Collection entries
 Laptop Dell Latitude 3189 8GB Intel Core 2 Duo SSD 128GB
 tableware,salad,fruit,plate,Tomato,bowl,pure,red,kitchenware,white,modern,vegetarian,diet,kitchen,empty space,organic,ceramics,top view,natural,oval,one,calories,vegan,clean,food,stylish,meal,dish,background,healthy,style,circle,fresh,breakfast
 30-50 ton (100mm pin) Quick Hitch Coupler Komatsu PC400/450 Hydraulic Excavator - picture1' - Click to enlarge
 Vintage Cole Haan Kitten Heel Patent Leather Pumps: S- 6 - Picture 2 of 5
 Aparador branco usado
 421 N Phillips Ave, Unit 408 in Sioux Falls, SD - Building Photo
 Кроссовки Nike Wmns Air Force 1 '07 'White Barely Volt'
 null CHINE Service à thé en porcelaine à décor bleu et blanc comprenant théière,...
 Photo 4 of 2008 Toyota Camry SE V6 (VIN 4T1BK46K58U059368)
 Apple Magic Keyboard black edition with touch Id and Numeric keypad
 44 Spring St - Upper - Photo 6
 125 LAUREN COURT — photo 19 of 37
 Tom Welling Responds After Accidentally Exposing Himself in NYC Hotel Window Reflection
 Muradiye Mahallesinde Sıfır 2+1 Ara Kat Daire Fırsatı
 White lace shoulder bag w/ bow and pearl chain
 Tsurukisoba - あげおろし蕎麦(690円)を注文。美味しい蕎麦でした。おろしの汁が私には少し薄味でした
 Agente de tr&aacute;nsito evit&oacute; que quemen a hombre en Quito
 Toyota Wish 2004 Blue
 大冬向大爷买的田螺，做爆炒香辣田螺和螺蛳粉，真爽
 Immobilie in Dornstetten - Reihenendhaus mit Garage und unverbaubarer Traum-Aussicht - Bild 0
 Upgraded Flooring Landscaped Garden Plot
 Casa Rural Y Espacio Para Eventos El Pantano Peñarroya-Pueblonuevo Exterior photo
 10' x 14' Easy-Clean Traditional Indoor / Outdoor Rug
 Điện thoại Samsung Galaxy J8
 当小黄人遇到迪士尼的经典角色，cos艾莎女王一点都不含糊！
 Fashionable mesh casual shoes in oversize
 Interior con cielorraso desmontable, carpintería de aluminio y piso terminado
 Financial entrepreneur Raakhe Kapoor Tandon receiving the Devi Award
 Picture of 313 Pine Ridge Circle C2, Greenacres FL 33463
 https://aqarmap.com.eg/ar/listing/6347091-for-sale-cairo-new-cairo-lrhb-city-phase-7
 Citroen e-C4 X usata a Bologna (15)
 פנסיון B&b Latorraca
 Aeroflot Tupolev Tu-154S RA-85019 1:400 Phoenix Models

What you have to do:
Each line in the data that holds the string "Toyota" needs to be copied.

Answer box:
 Photo 4 of 2008 Toyota Camry SE V6 (VIN 4T1BK46K58U059368)
 Toyota Wish 2004 Blue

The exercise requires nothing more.